Dromedario. Giuseppina intentó memorizar la palabra, pero fue imposible debido a todo lo que sentía ante la proximidad de Vito, de su silencio, de su misteriosa sonrisa.
Los títeres se movían muy lentamente, sin embargo sus ropas coloridas y las voces de los titiriteros mantenían la tensión. Ambos llevaban máscaras de madera y hablaban dialecto; a veces gritaban, o susurraban con una voz tan baja que los niños debían acercarse para poder oír. Hombres y mujeres, de pie alrededor del escenario, miraban en silencio cautivados por las leyendas de Carlomagno que habían oído miles de veces.
De pronto, por detrás de la multitud, vieron a sus hermanos y a su padre, y entonces se alejaron. Tomaron el camino que conducía al mirador. Allí se detuvieron apenas unos segundos para contemplar la vista: ella vio las rocas a través del agua verde y cristalina que bañaba la playa, y la almadraba con las redes, y los vecinos que paseaban por el pueblo custodiados por los barcos de guerra anclados en el Golfo.

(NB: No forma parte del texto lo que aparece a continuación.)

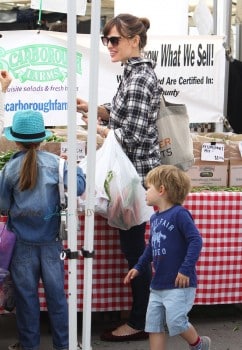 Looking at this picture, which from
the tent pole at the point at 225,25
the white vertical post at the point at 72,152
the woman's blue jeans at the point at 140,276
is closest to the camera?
the white vertical post at the point at 72,152

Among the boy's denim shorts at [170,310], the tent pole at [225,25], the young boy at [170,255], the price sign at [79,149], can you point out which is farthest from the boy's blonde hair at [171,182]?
the tent pole at [225,25]

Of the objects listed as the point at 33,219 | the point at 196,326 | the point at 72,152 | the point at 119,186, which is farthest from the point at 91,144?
the point at 196,326

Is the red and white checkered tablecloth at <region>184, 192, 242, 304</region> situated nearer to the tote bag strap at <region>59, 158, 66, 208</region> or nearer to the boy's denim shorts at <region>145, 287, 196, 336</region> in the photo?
the boy's denim shorts at <region>145, 287, 196, 336</region>

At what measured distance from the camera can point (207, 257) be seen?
4422mm

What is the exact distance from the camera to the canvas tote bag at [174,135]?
3980 mm

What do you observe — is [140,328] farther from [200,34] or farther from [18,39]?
[200,34]

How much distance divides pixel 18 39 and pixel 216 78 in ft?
5.98

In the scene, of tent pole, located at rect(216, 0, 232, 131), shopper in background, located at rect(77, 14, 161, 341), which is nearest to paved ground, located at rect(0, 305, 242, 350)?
Answer: shopper in background, located at rect(77, 14, 161, 341)

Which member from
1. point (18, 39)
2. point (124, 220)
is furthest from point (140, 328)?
point (18, 39)

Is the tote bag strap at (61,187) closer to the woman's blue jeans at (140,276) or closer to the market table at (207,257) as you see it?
the woman's blue jeans at (140,276)

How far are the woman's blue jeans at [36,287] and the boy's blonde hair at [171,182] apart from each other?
63 centimetres

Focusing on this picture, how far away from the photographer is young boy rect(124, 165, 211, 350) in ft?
11.1

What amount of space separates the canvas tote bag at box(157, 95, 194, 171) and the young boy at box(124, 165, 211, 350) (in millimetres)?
542

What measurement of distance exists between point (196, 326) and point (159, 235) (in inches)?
52.2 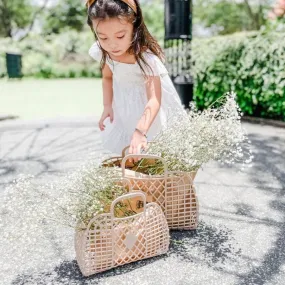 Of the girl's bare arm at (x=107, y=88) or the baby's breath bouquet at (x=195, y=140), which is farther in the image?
the girl's bare arm at (x=107, y=88)

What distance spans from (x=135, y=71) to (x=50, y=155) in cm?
209

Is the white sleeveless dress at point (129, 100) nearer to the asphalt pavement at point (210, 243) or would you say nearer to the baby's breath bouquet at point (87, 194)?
the asphalt pavement at point (210, 243)

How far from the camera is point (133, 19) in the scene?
1.97 metres

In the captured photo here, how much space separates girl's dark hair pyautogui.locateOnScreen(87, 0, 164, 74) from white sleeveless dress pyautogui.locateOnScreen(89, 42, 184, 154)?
88mm

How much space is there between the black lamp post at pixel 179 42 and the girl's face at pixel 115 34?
2438mm

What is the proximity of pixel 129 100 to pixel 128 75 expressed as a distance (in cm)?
16

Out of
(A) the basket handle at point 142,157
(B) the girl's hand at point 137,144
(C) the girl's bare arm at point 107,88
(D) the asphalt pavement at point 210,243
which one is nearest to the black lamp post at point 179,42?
(D) the asphalt pavement at point 210,243

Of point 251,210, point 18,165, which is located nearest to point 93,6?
point 251,210

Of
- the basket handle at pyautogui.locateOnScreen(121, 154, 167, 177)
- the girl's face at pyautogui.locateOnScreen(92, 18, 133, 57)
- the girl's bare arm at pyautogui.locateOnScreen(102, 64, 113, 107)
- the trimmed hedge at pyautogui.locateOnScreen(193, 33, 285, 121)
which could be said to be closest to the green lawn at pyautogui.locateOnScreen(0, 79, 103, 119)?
the trimmed hedge at pyautogui.locateOnScreen(193, 33, 285, 121)

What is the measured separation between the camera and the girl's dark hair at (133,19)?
73.4 inches

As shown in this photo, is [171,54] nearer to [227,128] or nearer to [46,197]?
[227,128]

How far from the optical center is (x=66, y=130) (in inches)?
203

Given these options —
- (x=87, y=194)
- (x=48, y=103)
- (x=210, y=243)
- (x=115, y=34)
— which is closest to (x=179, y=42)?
(x=115, y=34)

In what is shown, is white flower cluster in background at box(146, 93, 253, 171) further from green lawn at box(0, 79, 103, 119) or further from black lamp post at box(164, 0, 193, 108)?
green lawn at box(0, 79, 103, 119) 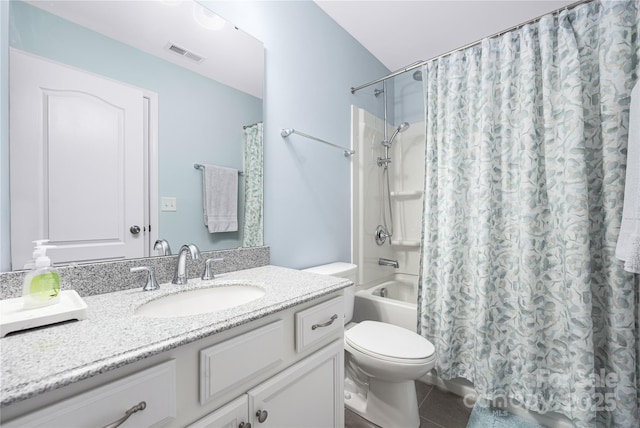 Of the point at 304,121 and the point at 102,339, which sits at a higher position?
the point at 304,121

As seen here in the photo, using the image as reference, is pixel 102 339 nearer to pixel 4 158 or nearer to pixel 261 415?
pixel 261 415

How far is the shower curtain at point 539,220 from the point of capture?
48.4 inches

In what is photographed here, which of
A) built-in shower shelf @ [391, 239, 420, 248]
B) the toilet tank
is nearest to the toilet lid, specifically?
the toilet tank

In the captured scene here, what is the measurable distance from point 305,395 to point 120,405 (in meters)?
0.56

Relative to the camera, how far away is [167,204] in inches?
42.4

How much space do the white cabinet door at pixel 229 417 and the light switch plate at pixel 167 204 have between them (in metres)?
0.72

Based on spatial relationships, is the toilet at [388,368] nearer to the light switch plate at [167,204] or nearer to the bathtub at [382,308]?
the bathtub at [382,308]

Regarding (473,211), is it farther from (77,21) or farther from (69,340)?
(77,21)

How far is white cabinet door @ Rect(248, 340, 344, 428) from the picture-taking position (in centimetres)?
77

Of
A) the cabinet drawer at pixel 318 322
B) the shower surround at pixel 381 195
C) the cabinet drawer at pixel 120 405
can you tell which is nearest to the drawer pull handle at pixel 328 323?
the cabinet drawer at pixel 318 322

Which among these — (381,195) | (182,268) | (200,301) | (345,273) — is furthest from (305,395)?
(381,195)

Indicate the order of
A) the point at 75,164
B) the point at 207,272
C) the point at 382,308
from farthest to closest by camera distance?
the point at 382,308 → the point at 207,272 → the point at 75,164

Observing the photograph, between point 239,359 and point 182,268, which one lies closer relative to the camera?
point 239,359

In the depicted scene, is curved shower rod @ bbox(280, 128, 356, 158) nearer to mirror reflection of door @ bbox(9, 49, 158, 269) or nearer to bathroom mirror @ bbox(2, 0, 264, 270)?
bathroom mirror @ bbox(2, 0, 264, 270) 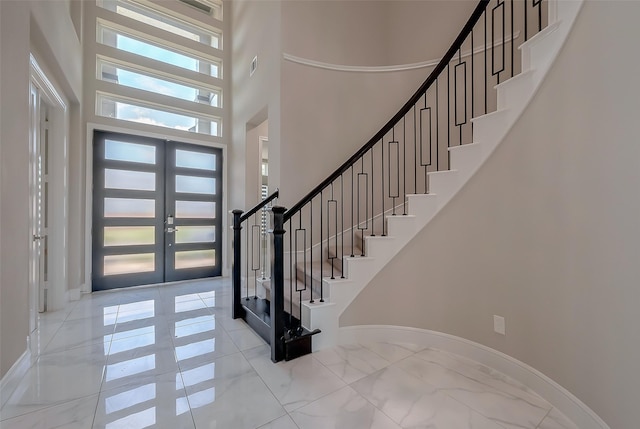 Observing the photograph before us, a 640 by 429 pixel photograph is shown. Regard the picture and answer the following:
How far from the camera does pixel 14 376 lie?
1864 mm

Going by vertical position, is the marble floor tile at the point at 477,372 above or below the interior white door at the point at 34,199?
below

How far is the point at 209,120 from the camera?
16.4 feet

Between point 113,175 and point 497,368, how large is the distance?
207 inches

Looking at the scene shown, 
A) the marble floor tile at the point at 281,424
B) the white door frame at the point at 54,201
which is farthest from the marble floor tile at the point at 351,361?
the white door frame at the point at 54,201

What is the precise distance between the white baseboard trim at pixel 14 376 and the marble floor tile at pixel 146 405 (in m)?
0.54

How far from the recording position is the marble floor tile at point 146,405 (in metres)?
1.52

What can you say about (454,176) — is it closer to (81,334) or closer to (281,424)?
(281,424)

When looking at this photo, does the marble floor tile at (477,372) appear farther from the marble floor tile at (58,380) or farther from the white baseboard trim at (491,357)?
the marble floor tile at (58,380)

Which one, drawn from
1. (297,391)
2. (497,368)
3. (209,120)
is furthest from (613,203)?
(209,120)

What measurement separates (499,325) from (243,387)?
72.1 inches

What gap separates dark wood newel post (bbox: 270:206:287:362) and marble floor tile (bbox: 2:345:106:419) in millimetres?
1181

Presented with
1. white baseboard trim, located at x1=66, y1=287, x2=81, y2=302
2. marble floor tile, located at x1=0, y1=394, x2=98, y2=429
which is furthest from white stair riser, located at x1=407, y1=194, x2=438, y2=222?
white baseboard trim, located at x1=66, y1=287, x2=81, y2=302

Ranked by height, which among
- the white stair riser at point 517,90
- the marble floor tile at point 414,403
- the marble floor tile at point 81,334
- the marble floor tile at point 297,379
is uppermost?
the white stair riser at point 517,90

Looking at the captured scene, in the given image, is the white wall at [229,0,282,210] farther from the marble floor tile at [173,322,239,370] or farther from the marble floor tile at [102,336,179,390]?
the marble floor tile at [102,336,179,390] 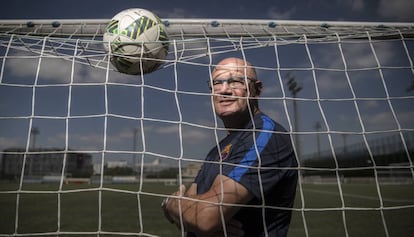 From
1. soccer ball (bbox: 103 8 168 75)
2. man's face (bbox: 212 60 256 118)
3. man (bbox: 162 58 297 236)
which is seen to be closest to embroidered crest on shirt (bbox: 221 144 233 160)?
man (bbox: 162 58 297 236)

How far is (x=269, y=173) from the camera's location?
1631 mm

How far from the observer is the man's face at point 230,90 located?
6.57ft

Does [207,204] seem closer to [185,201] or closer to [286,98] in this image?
[185,201]

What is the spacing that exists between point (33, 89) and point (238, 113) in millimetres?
1477

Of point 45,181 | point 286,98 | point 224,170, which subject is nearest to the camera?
point 224,170

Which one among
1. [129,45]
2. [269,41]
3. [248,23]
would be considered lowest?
[129,45]

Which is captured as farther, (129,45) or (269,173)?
(129,45)

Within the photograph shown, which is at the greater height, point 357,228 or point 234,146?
point 234,146

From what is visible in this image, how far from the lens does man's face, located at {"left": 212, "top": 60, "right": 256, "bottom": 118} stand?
78.8 inches

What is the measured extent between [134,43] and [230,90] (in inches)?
32.1

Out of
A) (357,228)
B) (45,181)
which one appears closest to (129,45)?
(357,228)

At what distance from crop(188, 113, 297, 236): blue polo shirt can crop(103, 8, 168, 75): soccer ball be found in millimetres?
967

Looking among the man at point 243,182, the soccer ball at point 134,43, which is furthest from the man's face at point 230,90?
the soccer ball at point 134,43

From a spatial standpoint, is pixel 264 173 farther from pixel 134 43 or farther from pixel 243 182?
pixel 134 43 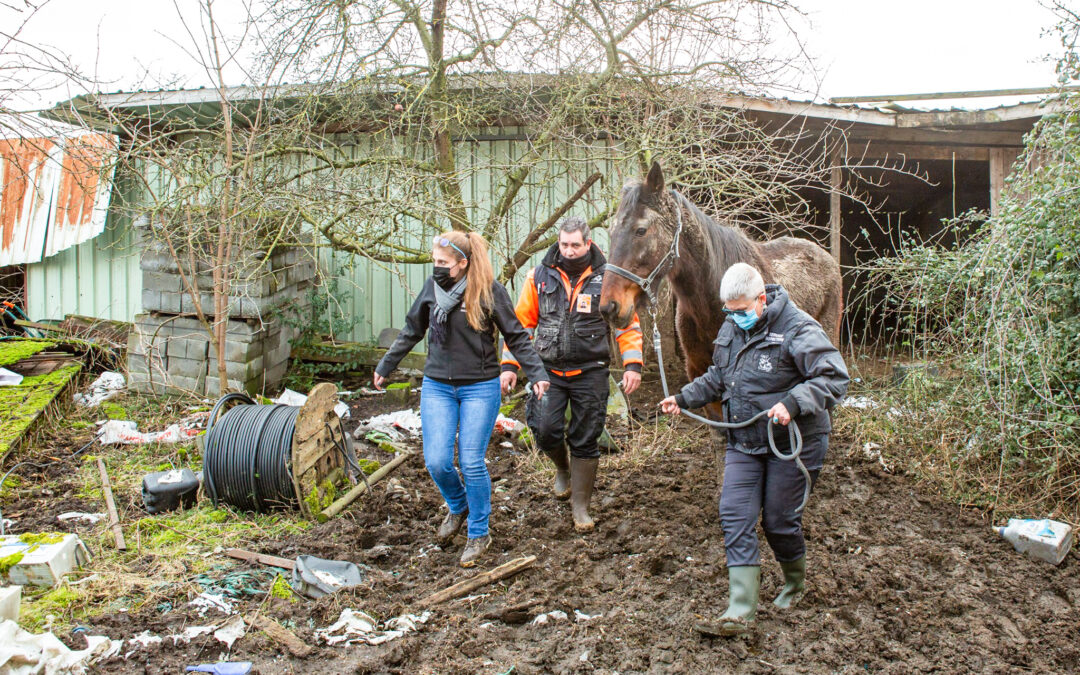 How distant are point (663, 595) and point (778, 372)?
128 cm

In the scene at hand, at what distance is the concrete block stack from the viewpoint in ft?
26.3

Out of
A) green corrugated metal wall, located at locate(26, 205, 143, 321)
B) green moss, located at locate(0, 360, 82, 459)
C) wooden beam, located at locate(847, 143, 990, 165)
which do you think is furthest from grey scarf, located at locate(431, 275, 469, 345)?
green corrugated metal wall, located at locate(26, 205, 143, 321)

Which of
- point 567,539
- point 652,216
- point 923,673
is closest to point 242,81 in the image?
point 652,216

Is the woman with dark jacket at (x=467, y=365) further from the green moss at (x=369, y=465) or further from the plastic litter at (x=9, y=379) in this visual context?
the plastic litter at (x=9, y=379)

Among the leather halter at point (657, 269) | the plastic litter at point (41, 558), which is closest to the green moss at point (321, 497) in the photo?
the plastic litter at point (41, 558)

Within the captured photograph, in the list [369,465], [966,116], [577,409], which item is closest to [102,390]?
[369,465]

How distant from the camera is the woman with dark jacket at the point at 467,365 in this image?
4336mm

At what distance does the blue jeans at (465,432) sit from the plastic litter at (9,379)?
17.4 ft

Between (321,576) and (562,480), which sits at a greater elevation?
(562,480)

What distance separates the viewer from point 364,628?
362 cm

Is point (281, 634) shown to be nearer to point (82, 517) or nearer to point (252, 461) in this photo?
point (252, 461)

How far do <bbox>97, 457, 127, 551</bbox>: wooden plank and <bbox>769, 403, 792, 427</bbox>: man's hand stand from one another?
370 centimetres

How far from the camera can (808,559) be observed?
4.26 m

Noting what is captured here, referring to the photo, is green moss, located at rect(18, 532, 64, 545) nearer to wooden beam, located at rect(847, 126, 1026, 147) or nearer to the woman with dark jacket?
the woman with dark jacket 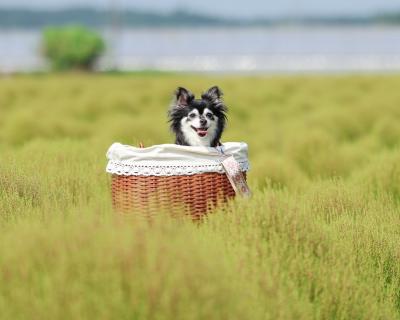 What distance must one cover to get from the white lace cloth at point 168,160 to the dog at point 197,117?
107mm

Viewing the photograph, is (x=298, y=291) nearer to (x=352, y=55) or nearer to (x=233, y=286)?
(x=233, y=286)

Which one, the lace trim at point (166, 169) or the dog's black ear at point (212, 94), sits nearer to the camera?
the lace trim at point (166, 169)

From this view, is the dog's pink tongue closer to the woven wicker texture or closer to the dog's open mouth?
the dog's open mouth

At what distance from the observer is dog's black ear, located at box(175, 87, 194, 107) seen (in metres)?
5.20

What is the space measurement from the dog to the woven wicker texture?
0.75ft

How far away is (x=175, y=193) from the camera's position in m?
5.07

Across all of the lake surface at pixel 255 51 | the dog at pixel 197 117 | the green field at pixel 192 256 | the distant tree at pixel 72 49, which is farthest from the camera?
the lake surface at pixel 255 51

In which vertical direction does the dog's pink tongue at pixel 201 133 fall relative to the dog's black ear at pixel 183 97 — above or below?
below

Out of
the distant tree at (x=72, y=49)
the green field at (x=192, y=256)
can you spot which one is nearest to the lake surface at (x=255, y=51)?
the distant tree at (x=72, y=49)

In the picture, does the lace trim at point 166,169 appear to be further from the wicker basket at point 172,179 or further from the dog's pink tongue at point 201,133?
the dog's pink tongue at point 201,133

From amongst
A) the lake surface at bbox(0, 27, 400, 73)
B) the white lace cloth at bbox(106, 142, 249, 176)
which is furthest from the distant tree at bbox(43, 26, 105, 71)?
the white lace cloth at bbox(106, 142, 249, 176)

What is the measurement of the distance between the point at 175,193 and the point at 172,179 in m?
0.08

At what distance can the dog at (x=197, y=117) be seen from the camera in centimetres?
517

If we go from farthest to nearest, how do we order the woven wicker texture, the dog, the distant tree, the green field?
1. the distant tree
2. the dog
3. the woven wicker texture
4. the green field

Escalaron la ladera de la montaña hasta alcanzar una gruta escondida. Al llegar a la entrada, Vito le pidió que se cubriera los ojos para que la sorpresa fuera aún mayor. Giuseppina se llevó una mano a los ojos mientras su hermano se internaba en la gruta.
Oyó un rumor de arenilla y piedras.
­ - Ya podés mirar – dijo Vito.
Estaba montado en una motocicleta, la cabeza cubierta por un casco y, en los ojos, unas gafas enormes de motociclista.
Giuseppina sonrió.  
­-   ¿De dónde sacaste eso?
­-   Me la prestó un amigo. ¿Venís?
Ella dudó un momento, pero al fin se montó en la motocicleta y se echaron a andar. Bajo el sol, se dirigieron hacia el oeste a través de las montañas. Con los ojos cerrados, Giuseppina sentía el aire del mar pegándole en el rostro y se aferraba con fuerzas a su hermano, animada por el equilibrio imperfecto de la motocicleta, el olor a gasolina y el sol ardiente de agosto.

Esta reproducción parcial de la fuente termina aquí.